Frente a un cuadro de Maria Helena Vieira da Silva (Lisboa, 1908 – París, 1992), una no puede evitar cuestionarse su ausencia en los relatos canónicos del arte. ¿Cómo es posible que una artista que tejió el espacio con tan singular maestría —esa trama de líneas rectas, esas retículas que vibran como la textura misma de lo visible— haya permanecido tanto tiempo en un discreto segundo plano? Dueña de un lenguaje pictórico único, Vieira da Silva se erige hoy como una de las figuras más fascinantes y, paradójicamente, menos reconocidas de la abstracción europea del siglo XX.
Una omisión que el Museo Guggenheim de Bilbao viene a subsanar –del 16 de octubre al 22 de febrero– con la gran retrospectiva que acogerá en los próximos días, la primera en España desde la última que le dedicó la Fundación Juan March hace más de treinta años. “Ha sido un descubrimiento para mucha gente, como la mayoría de las mujeres artistas”, cuenta Flavia Frigeri, comisaria de la exposición, aludiendo a la sorpresa que su obra aún despierta. La muestra, que debutó anteriormente en el Guggenheim de Venecia, llega ahora a Bilbao con una propuesta renovada. “Está genial que pasemos por Bilbao porque tiene un espacio muy distinto del que teníamos en Venecia, así que la experiencia no es la misma, y tampoco queríamos replicarla”, explica la comisaria. “La mayoría del trabajo de Vieira da Silva trata sobre el espacio y como crearlo, en una dimensión o en tercera dimensión, así que esperamos que se cree un diálogo entre el espacio del museo y la pintura”, añade.
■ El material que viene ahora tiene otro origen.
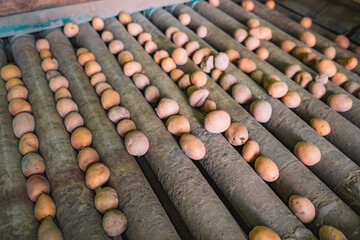 Small potatoes in the sorting machine according to their size, harvesting time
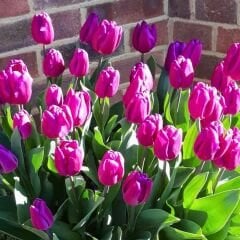 Purple Flag Lale Soğanı Tulipa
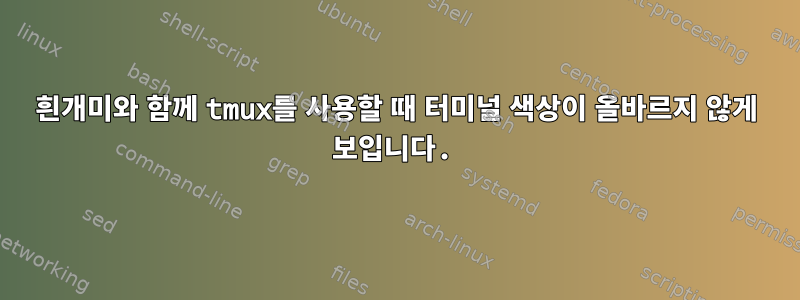 흰개미와 함께 tmux를 사용할 때 터미널 색상이 올바르지 않게 보입니다.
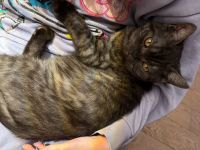 Wunderschöne Reinrassige BKH Kitten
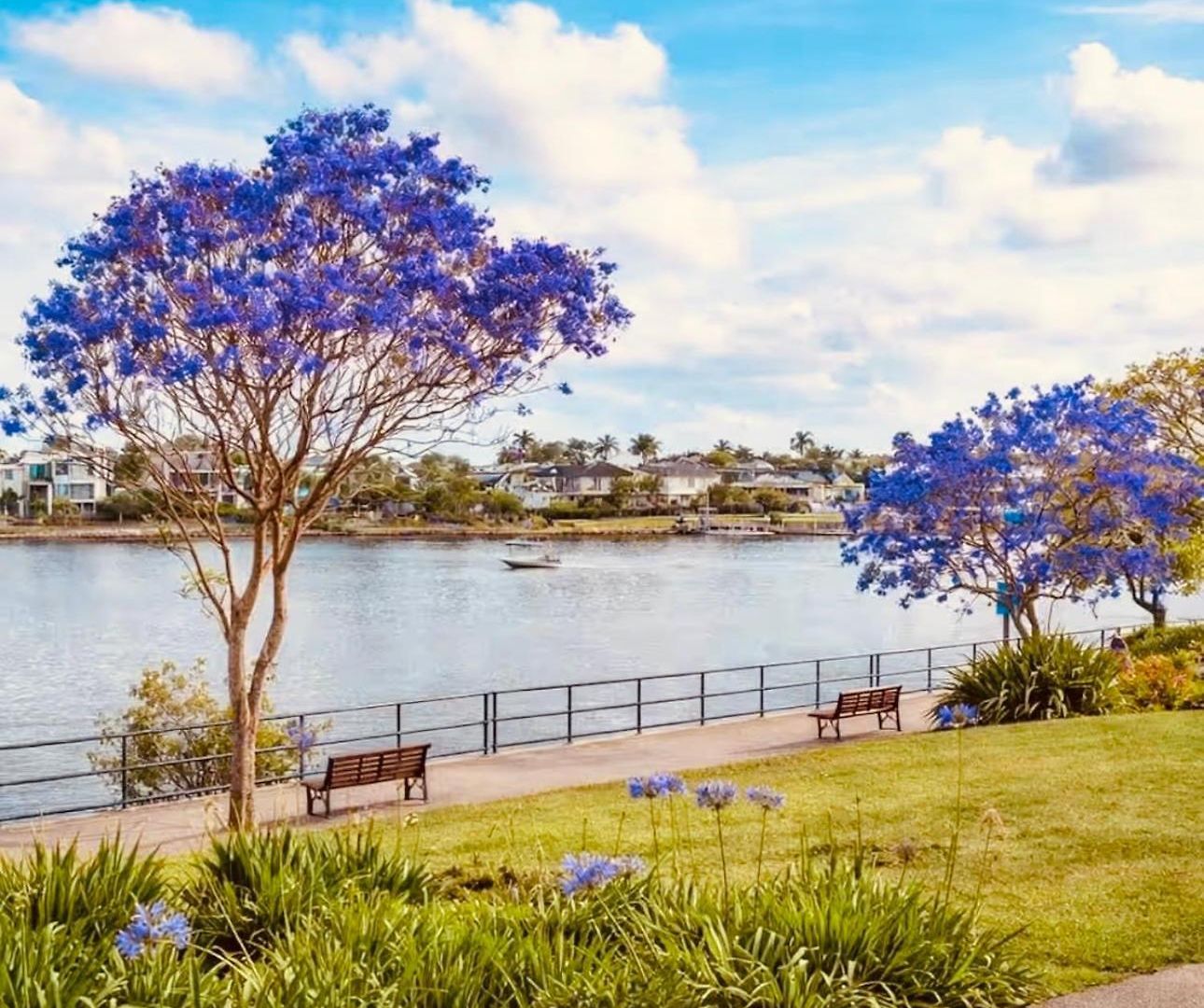 Stylish Newstead With Pool, Gym & Parking Apartment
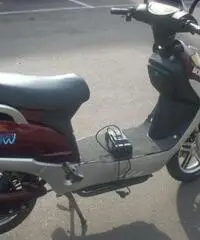 Scooter elettrico Scooter elettrico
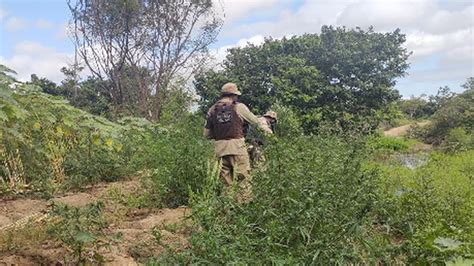 Mais De P S De Maconha S O Encontrados Em Ilha Do Rio S O Francisco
Maria Helena Vieira da Silva nació en una familia acomodada en Lisboa en 1908. Su padre, que era embajador en Suiza, murió cuando ella tenía solo dos años y su madre, junto con una tía, se encargó de su educación. Con apenas 14 años comenzó a pintar para huir de la soledad, como reconocería ella misma: “A veces estaba completamente sola; a veces estaba triste, incluso muy triste. Me refugiaba en el mundo de los colores, en el mundo de los sonidos. Creo que todas estas influencias se fundían en una sola entidad, dentro de mí”.
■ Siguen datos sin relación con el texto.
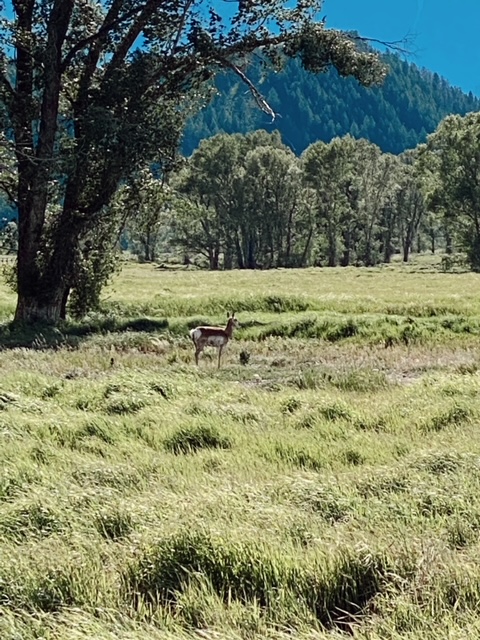 7 Best Things to Do in Jackson Hole with Teens featured by top AL family blogger, She Gave It A Go | Best Things to do in Jackson Hole by popular Alabama travel blog, She Gave it a Go: image of a deer in a field. 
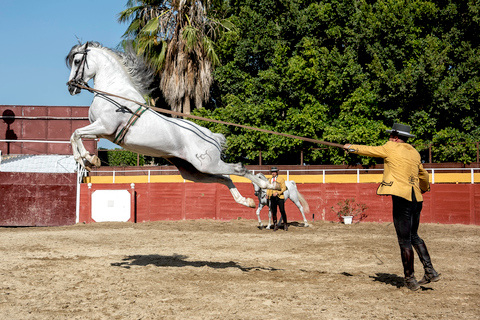 Fuengirola: Show de cavalos espanhóis com jantar opcional/FlamencoShow de Flamenco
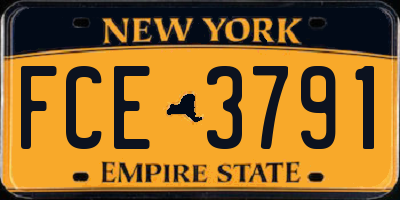 NY license plate FCE3791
Se matriculó en la Academia Nacional de Belas Artes de Lisboa en 1919, donde se empapó de las corrientes vanguardistas, especialmente de las futuristas y cubistas. Más tarde, en 1928 se mudó a París para continuar su formación en la Academia de la Grande-Chaumiere. Allí, Vieira da Silva descubrirá la obra de Picasso, y se sentirá interpelada por la arquitectura pictórica de Paul Cézanne, los colores de Matisse y la pintura de Pierre Bonnard. Unas influencias que le ayudarían a configurar su estilo en los años siguientes.